I don’t know. I think it’s an alchemy, and I’ll be honest with you, of the truth and the trueness of my particular spiritual path and having done the practices truthfully and earnestly for so long. That was the gift to feel that life and death was a coin and on both sides is life and death on the side, and beauty exists simultaneously with love and loss. I felt it.
I’m saying these words, but they don’t come close to describing what it was like. It was so much more true than the voice you’re hearing right now. It made so much more sense than even you and I talking right now.
Paula: Yes. I get the sense that it is one of those deep intuitive knowings that when you’re in it you’re like, “I understand this with my being. I can accept this and there aren’t words.” It’s one of those beyond human communications.
Barron: As it has become for me, it becomes one’s lighthouse. Nothing in my life has ever felt as true as certain what I call prime number like episodes in my life, one-of-a-kind things. Afterwards, if we talk about them, because we can’t put things into language of that level and depth, they can sometimes almost feel false and be proved as wrong by outer perspectives, but only I know the truth of something that I felt at that level. It will always be true, even when I look at it from a shallower level and I can’t quite get there again, I remember the veracity and I will never forget that love.
Paula: That’s powerful, too. One of the things that I thought was so beautiful and moving was there are several people that come in, especially during those first few days, and the one friend that said something about people need to hear from you to know that you’re okay. I could understand withdrawing and being like, no, I just can’t talk, there aren’t words for this. You putting it out there on social media, but then the turn, the shift of it, because people were getting upset that Seana had passed away and been killed in a car accident.
Barron: They were furious.
Paula: And understandably so. But then the turn of it, of what can we do to focus, again returning to the deep-seated love. Can you tell us about the 13 days and what that means, and what you put out there for people really as a pillar of hope and beauty?
Barron: If I forget to what you said about the turning of the tide for everyone else, turn me back to it.
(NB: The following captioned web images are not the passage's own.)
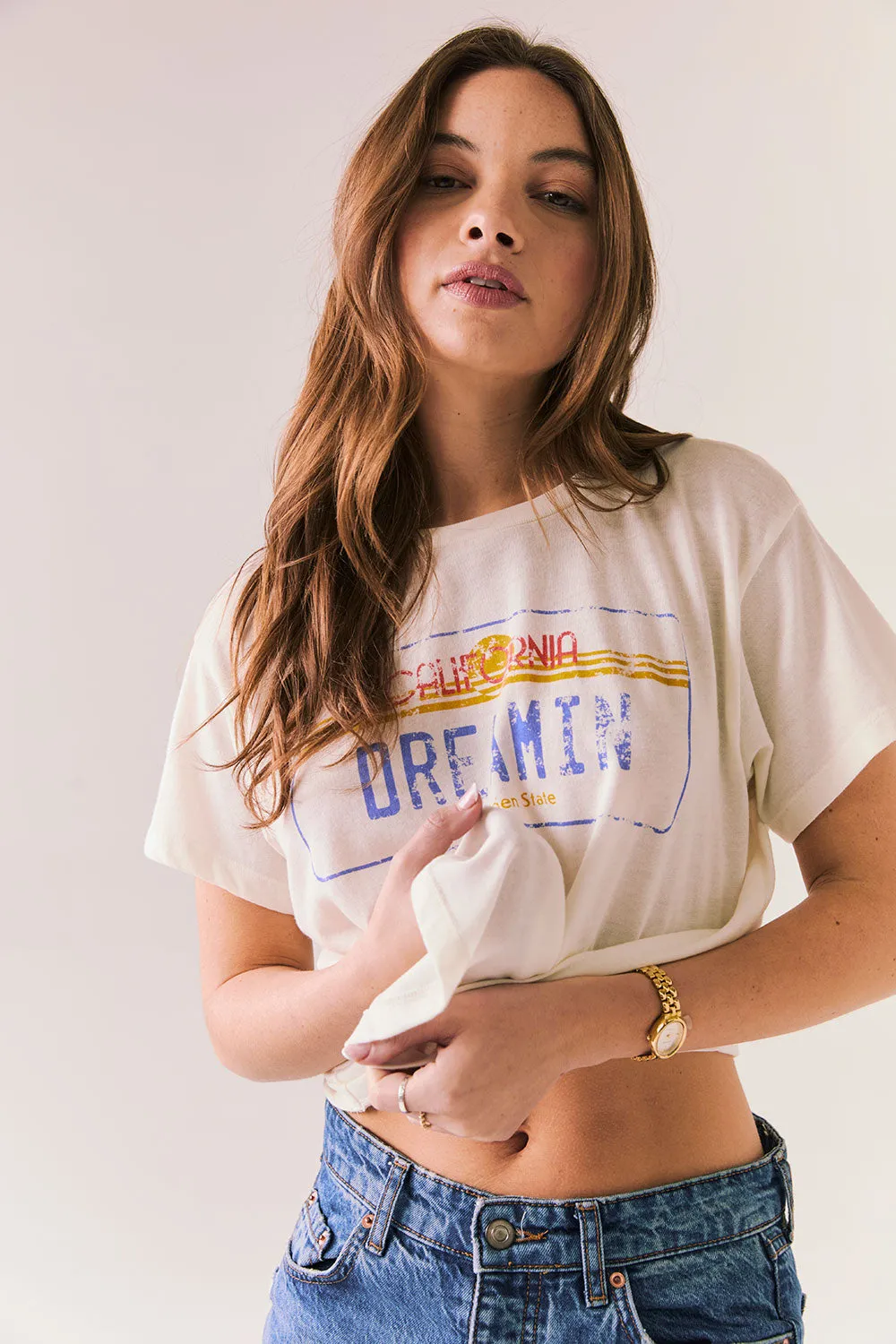 Cali Dreamin Tee sold by Chaser product image thumbnail 2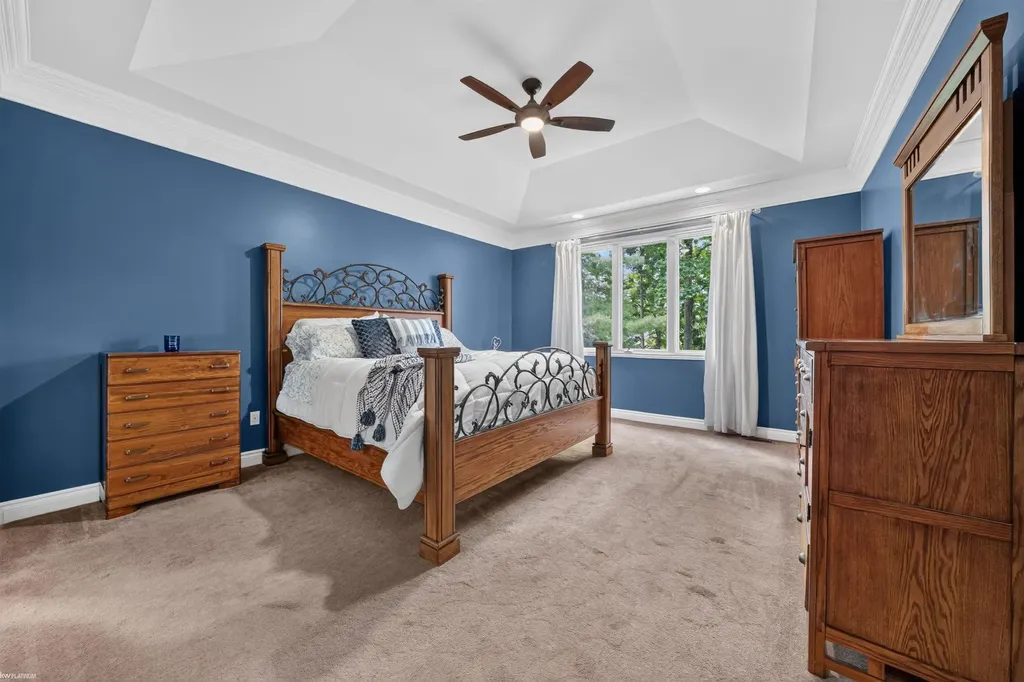 4896 Brookside Lane Washington Township MI 48094
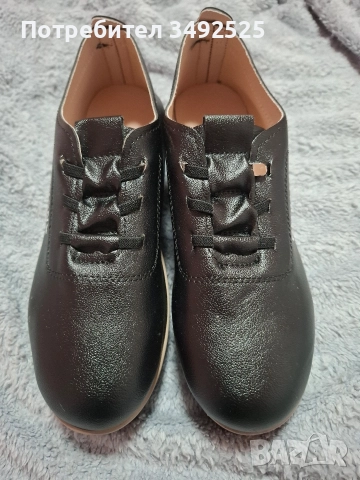 Нови дамски обувки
The 13 days is basically an eastern concept, I don’t know if it comes from Hinduism or whatever, of honoring the death of someone you love for 13 days, and on the 13th day you release them from anything that would hold them to this physical plane. You thank them and you say, “Go into the light and love that is your nature. I’ll be fine without you.” You don’t want to hold them here, so there’s this process of honoring and thanking them.
Swami Ji the monk told me something really important. He said, “I suspect your wife is nearby you watching you, and she is looking to see for how you’re responding. I would sit before your puja,” the Sanskrit word for alter, “and I would thank her, and I would talk to her.” As soon as he said that, I shifted from half empty to completely full, because I knew that was the new expression of my grief and whatever I was going through was to talk to her, of course.
For anyone going through grief, I would just say it was a turning point for me to be able to still talk to her. It was profound to sit in front of my alter and invoke her presence and to send her blessings, which was the one and only intention I had. What else would we want to do when someone we love dies?
Paula: Right. Yes. I don’t know if there was more that you wanted to say about the turning of the tide with others.
Barron: It’s funny, when I talked to John on the second day, he’s a dear friend and he’s been in Siddha Yoga even longer than I have, so I deeply trusted him. In fact, he was the one who married Seana and I on the beach. Not that he’s a pastor, he’s just this amazing lighthearted beautiful being. He said, “Barron, there’s people out there that are really worried about you.” The funny thing was I was like, “Oh, there are?” That’s what I thought in the moment. In one sense my grief was so selfish, everything was about me and my pain. Even that went through this transformation.
What I got when I finally went online, I don’t know what day it was, day three or whatever, and saw how people were responding on Facebook, there was such a global outcry because, as I said, Seana was known globally, that it prompted me to say something to, as John had suggested, turn them in the direction Seana and I would want them to receive this devastating news as.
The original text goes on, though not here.